| ASSIGNMENT |
With pictures excluded, copy word for word the lines in the data below from the line containing "Tamper de café" through the line containing "Wall Hill Farm".

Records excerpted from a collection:
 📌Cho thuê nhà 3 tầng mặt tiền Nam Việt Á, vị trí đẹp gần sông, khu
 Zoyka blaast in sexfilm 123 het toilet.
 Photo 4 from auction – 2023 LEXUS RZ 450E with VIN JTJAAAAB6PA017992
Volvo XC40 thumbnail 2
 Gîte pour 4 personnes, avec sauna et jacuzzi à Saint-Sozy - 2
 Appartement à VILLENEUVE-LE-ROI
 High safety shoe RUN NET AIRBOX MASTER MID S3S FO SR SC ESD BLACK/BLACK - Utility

--

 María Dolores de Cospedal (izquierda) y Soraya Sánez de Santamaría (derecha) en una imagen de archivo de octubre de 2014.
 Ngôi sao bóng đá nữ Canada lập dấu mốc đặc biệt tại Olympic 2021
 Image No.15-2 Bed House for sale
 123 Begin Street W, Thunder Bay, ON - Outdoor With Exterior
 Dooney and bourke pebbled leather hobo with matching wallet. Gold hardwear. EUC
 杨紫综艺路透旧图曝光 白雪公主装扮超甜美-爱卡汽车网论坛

...

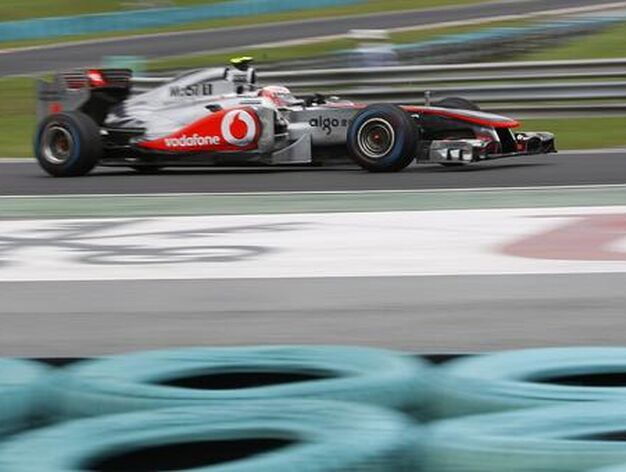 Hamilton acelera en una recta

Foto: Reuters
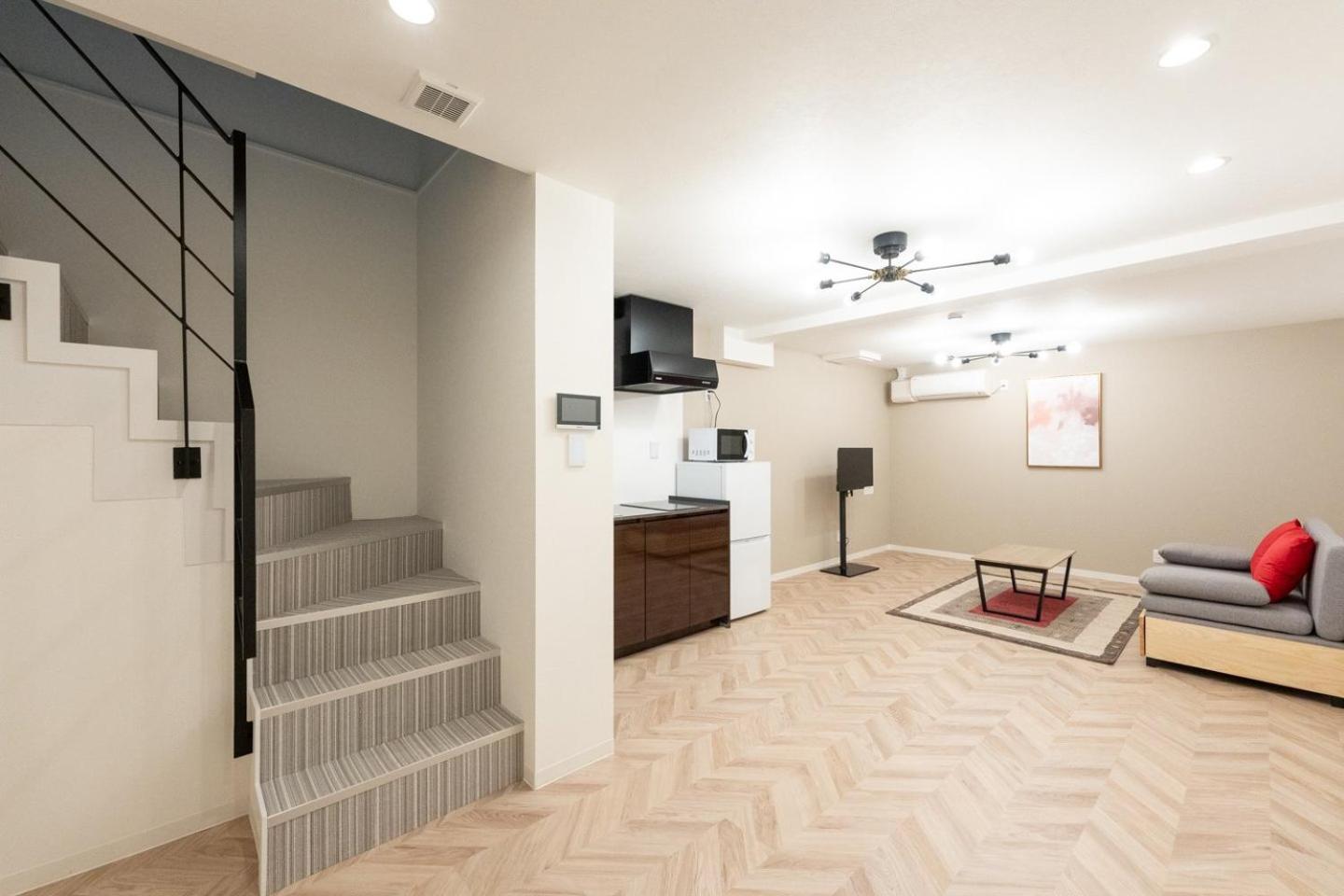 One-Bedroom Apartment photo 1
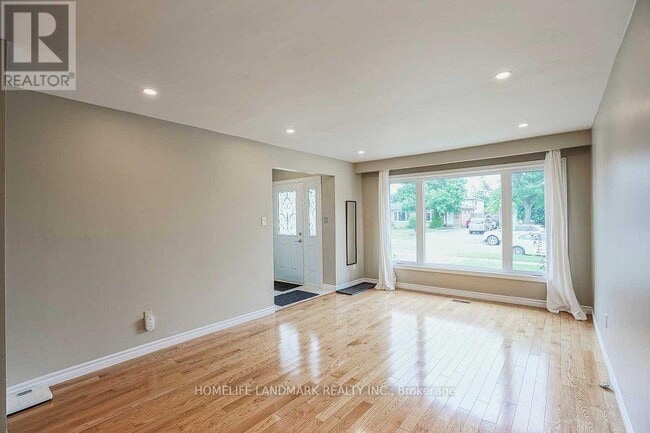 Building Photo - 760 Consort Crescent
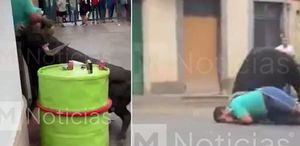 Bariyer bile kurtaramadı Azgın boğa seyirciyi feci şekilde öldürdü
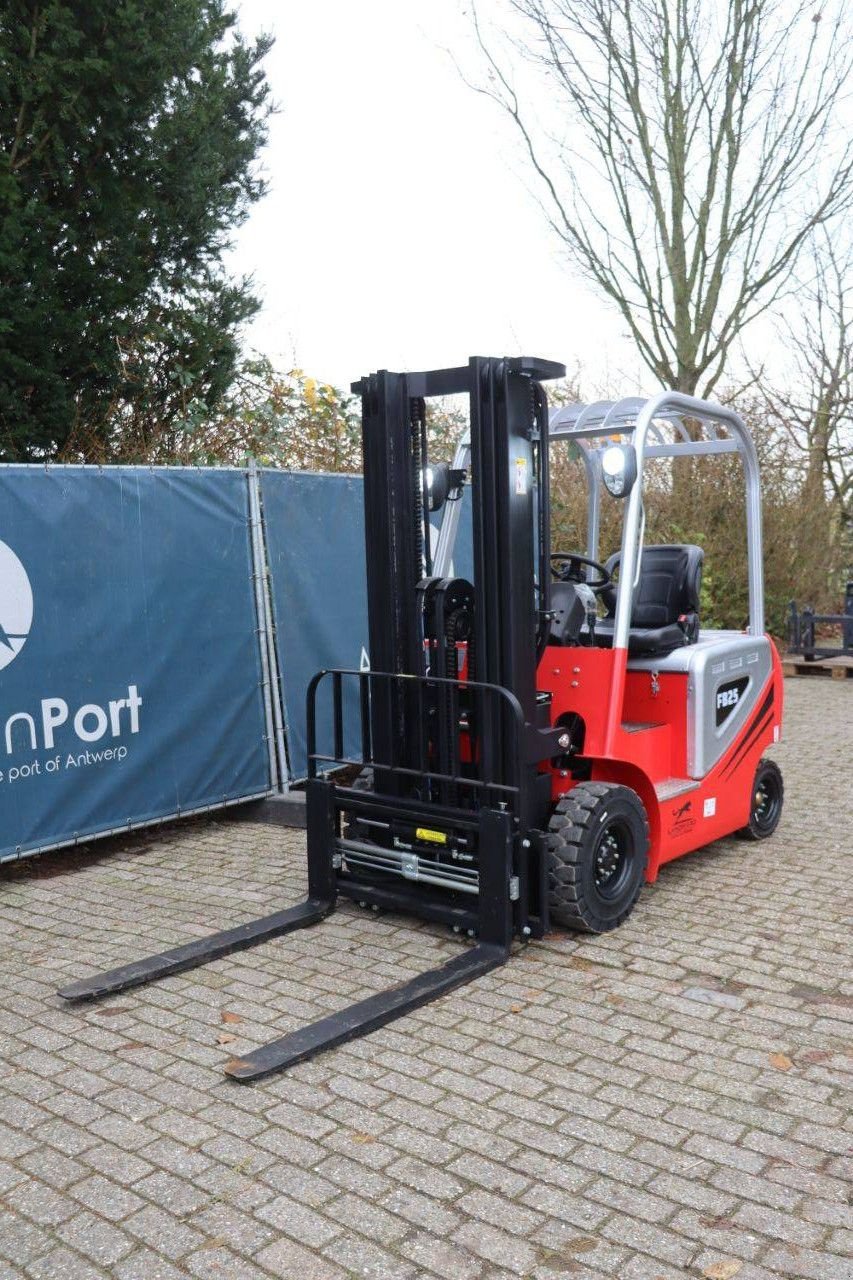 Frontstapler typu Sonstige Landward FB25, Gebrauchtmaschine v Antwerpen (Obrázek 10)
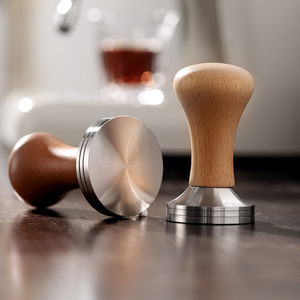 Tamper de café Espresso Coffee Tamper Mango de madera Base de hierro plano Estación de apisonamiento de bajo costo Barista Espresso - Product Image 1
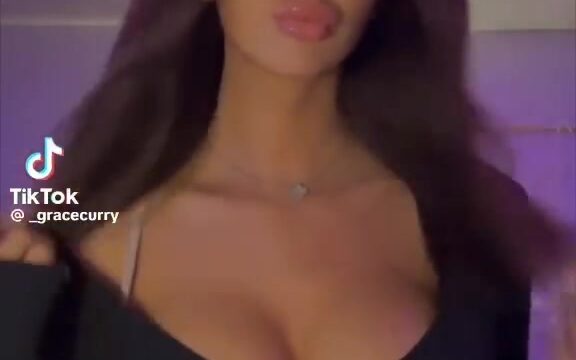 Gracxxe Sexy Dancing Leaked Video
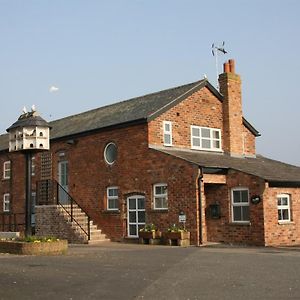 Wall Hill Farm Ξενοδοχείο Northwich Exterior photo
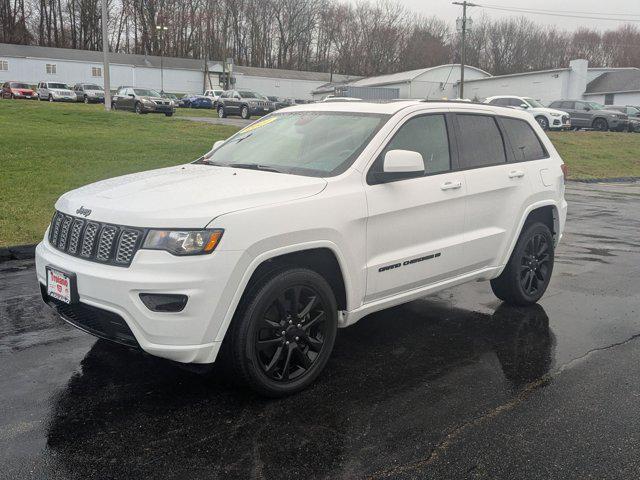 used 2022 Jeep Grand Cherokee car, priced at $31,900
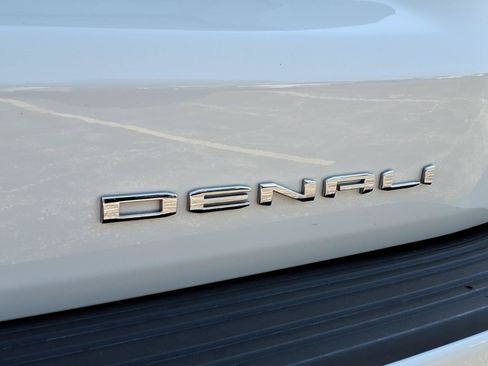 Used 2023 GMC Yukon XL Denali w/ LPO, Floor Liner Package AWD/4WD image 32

| REPLY |
 Tamper de café Espresso Coffee Tamper Mango de madera Base de hierro plano Estación de apisonamiento de bajo costo Barista Espresso - Product Image 1
 Gracxxe Sexy Dancing Leaked Video
 Wall Hill Farm Ξενοδοχείο Northwich Exterior photo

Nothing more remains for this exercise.